Eva-Maria Liimets (born 31 May 1974) is an Estonian politician. She served as the Minister of Foreign Affairs in the cabinet of Prime Minister Kaja Kallas. She was nominated by the Estonian Centre Party as an independent in January 2021 and officially joined the party on 9 June 2021. Along with all seven cabinet ministers of the governing coalition’s junior partner, she was dismissed on 3 June 2022.

==Early life==
She has a degree in public administration from the University of Tartu and a master’s degree in international business management (MBA) from the Estonian Business School. She is a graduate of the 19th International Training Course in Security Policy at the Geneva Centre for Security Policy (GCSP).

==Civil service==
She served as Estonia's ambassador to the Czech Republic with credentials also to Slovenia and Croatia.
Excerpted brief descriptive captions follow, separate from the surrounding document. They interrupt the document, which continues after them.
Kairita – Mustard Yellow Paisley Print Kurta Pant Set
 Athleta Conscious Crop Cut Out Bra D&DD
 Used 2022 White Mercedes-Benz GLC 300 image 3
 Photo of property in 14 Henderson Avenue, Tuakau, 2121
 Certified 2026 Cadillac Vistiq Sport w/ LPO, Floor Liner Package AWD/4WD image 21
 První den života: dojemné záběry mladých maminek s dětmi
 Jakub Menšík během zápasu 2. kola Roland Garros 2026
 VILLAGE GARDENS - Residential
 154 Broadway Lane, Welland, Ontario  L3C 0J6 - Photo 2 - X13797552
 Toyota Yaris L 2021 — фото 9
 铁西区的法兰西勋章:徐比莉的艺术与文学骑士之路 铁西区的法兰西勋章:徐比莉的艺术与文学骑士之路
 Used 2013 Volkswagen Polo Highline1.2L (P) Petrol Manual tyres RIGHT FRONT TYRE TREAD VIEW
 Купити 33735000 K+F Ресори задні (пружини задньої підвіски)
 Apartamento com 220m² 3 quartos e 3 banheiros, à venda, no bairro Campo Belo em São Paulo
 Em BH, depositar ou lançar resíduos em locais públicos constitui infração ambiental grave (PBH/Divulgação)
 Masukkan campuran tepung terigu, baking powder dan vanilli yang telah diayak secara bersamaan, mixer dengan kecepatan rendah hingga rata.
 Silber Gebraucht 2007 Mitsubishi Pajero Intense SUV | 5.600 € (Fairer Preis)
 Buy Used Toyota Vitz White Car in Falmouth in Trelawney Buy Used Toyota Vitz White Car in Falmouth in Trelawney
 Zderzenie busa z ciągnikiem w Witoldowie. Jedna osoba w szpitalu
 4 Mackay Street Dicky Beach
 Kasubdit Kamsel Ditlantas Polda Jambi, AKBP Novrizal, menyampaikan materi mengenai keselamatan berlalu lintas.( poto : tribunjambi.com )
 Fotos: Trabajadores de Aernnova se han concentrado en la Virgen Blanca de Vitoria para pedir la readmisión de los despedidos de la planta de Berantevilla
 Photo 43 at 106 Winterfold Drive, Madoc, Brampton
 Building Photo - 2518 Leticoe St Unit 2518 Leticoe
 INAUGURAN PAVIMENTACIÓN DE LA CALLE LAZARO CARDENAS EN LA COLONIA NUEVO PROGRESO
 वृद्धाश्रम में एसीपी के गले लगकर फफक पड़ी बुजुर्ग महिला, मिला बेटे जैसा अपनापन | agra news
==Minister of Foreign Affairs (2021-2022)==
Shortly after Liimets took office, the foreign ministry announced an "arctic month" starting from 28 January 2021, amid plans by Estonia to apply for observer status at the Arctic Council in 2021. "Developments in the Arctic should be a concern for everyone, as the climate change there affects the whole world," Liimets said. Shortly before the Russian invasion of Ukraine, in December 2021 Liimets stated that there needed to be sanctions against Russia for its "potential aggression" on Ukraine's borders and said Russia was a security threat. After the start of the invasion, Liimets became a strong supporter of Ukraine stating that there must be international pressure on Russia. She also supported the accession of Finland and Sweden to NATO.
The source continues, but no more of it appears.